One Book ties together readers at Central


“I accept this book, ‘Inherit the Wind,’ with the promise to read and enjoy it,” begins the one book, one school Inheritance Pact. The pact is written with curly cursive writing on old yellow parchment and is a pact that readers who participate in the One Book, One School program will sign promising to read the book and then pass it on to another reader.

The one book, one school reading program is a program adopted by the Hinsdale Central Library in which one title, “Inherit the Wind,” is put forth so that all students can read and discuss the title. The practice has been a standard across the area. Chicago has an annual one book one Chicago event. Universities and colleges have also adopted a similar practice.

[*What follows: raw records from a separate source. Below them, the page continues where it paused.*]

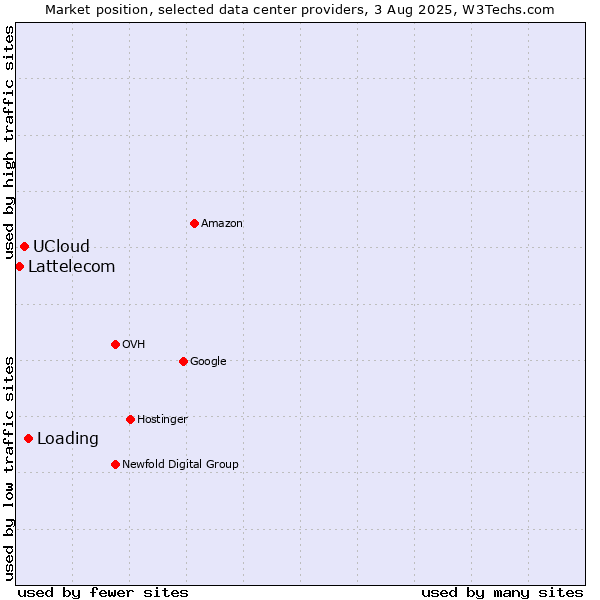 Market position of Loading vs. UCloud vs. Lattelecom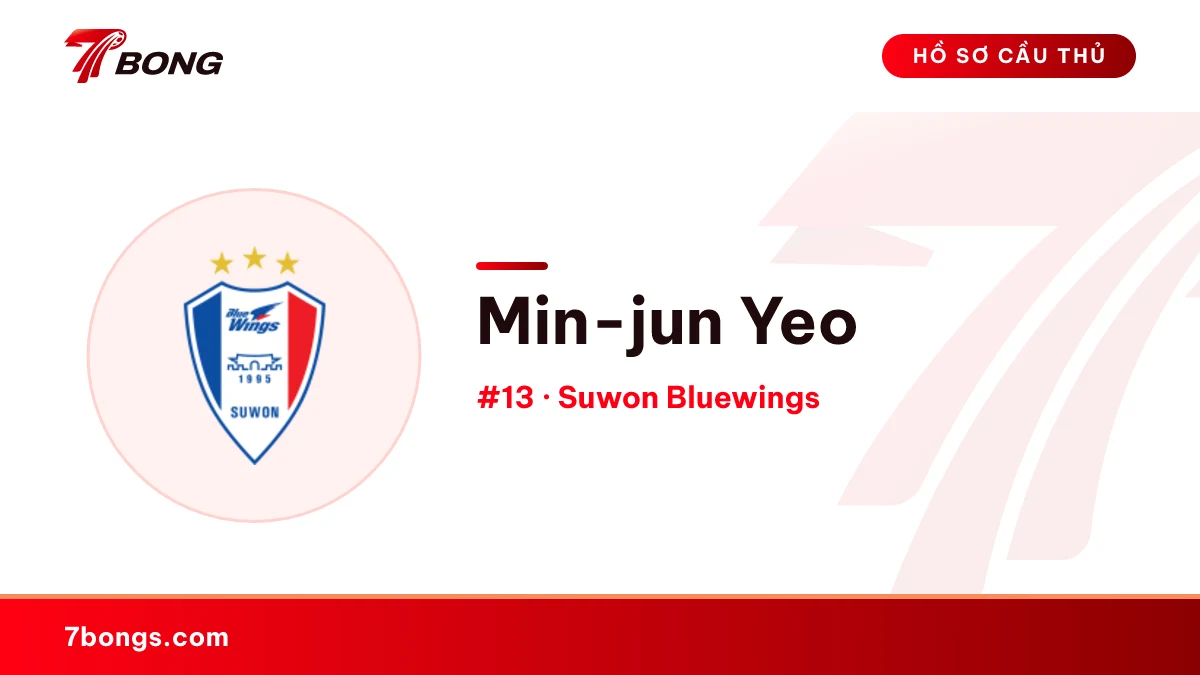 Min-jun Yeo — Suwon Bluewings
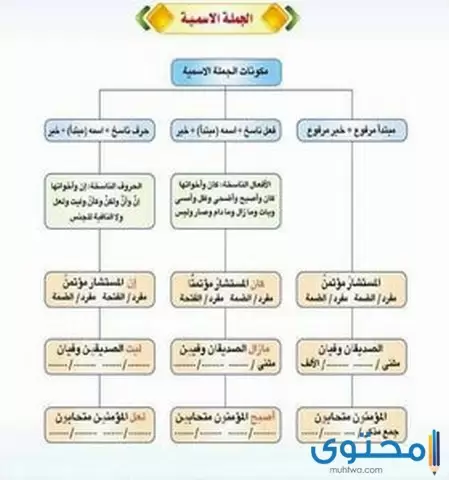 الجملة الاسمية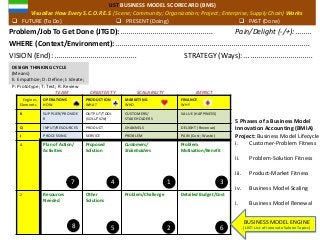 Engines
Elements
OPERATIONS
HOW
PRODUCTION
WHAT
MARKETING
WHO
FINANCE
WHY
K SUPPLIER/PROVIDE
R
OUTPUT/TOOL
(SOLUTION)
CUSTOMERS/
STAKEHOLDERS
VALUE (HAPPINESS)
Q INPUT/RESOURCES PRODUCT CHANNELS DELIGHT (Revenue)
J PROCESSING SERVICE PROBLEM PAIN (Cost; Waste)
A Plan of Action/
Activities
Proposed
Solution
Customers/
Stakeholders
Problem
Motivation/Benefit
2 Resources
Needed
Other
Solutions
Problem/Challenge Detailed Budget/Cost
WHERE (Context/Environment): .................................................................................................
Problem/Job To Get Done (JTGD): .............................................. Pain/Delight (-/+): ….....
LIST BUSINESS MODEL SCORECARD (BMS)
Visualize How Every S.C.O.P.E.S. (Scene; Community; Organization; Project; Enterprise; Supply Chain) Works
 FUTURE (To Do)  PRESENT (Doing)  PAST (Done)
VISION (End): ......................................... STRATEGY (Ways): ..................................
TEAM CREATIVITY IMPACTSCALABILITY
7
6
1
5
34
8 2
5 Phases of a Business Model
Innovation Accounting (BMIA)
Project: Business Model Lifecycle
i. Customer-Problem Fitness
ii. Problem-Solution Fitness
iii. Product-Market Fitness
iv. Business Model Scaling
i. Business Model Renewal
BUSINESS MODEL ENGINE
(LIST: List of Innovate Salone Topics)
DESIGN THINKING CYCLE
(Means)
E: Empathize; D: Define; I: Ideate;
P: Prototype; T: Test; R: Review
 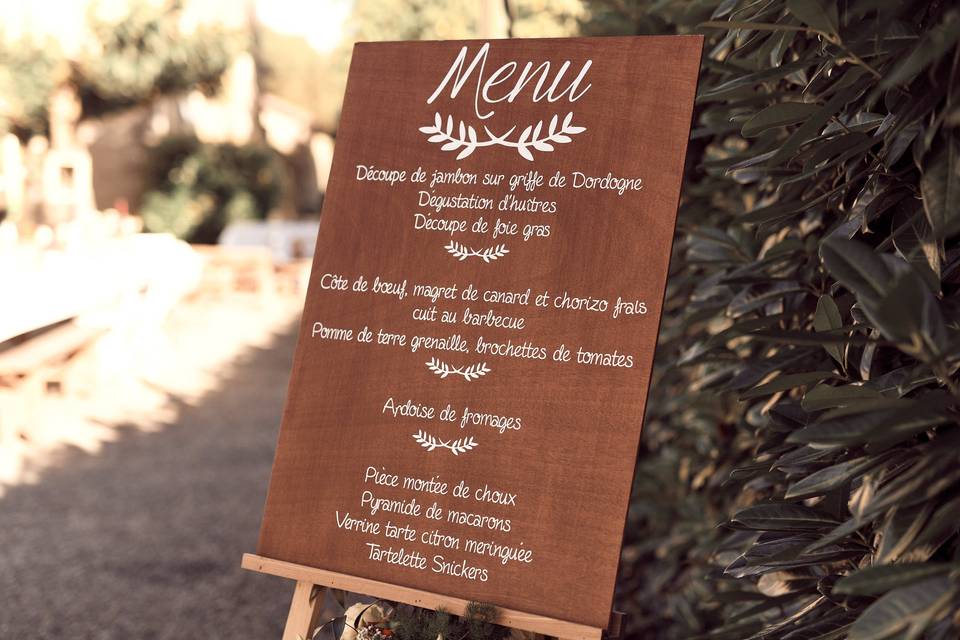 Menu panneau personnalisé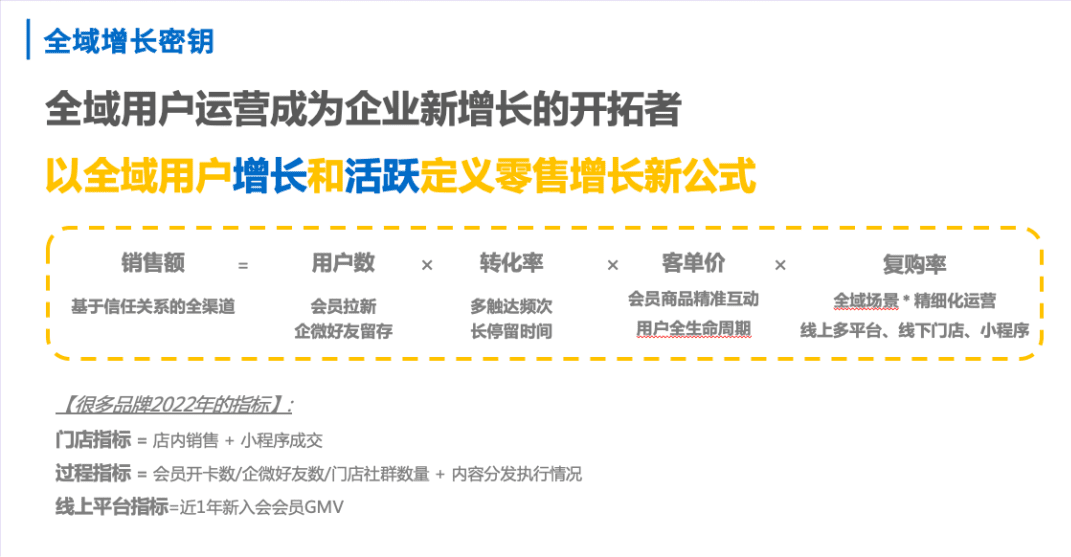 南讯 吴俊姝：向“存量”要“增量”，全域用户运营增长密钥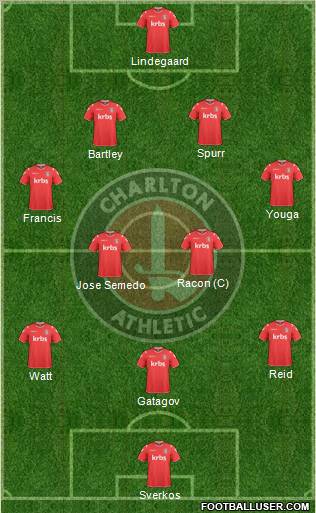 Charlton Athletic Formation 2010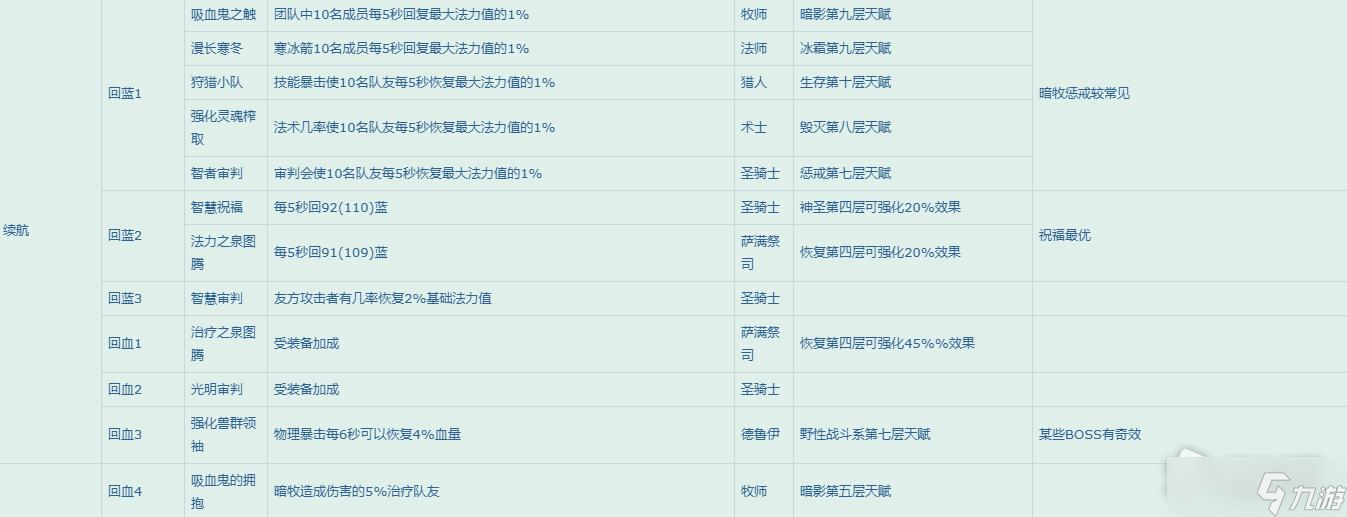《魔兽世界》怀旧服WLK团队增益一览表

“The purpose of the One Book, One School program is to create a community of readers, to move reading to the forefront,” said Kathleen Krepps, Library Director.

The reason the library chose the title “Inherit the Wind” is that it is based upon a true story. The library is focusing on Common Core and educational strategies involving nonfiction literature this year. Also, the drama department is performing the play “Inherit the Wind” from November 14-16 for the fall play. It will be directed by Christine Hicks.

“Just like with Shakespeare where it helps you so much to understand the play if you read it and then even more when you see it, it’s the same thing with “Inherit the Wind”,” Krepps said.

This is the fourth time that Central has done a One Book, One School event. The previous three books have been “The Book Thief,” “Purple Heart,” and “Columbine.” With “The Book Thief,” the library named the method of passing the book along the “handing off” method. Likewise, with Purple Heart, it was the ‘heart to heart’ method, and this year it is the ‘inheritance’ method.

Readers have two options with the One School, One Book program. They can either purchase the book for $5, or they can sign the inheritance pact promising to pass the book on to another Central reader and receive a free copy of the book.

“Readers promise to read the book, enjoy it, and pass it on to another reader,” Krepps said.

The program starts on Sept. 30 and will continue until the play is performed. Its idea is to bring readers together. A discussion will be held in late October where teachers, librarians, and students will get together for lunch. Everyone will be invited to come to the lunch time discussions.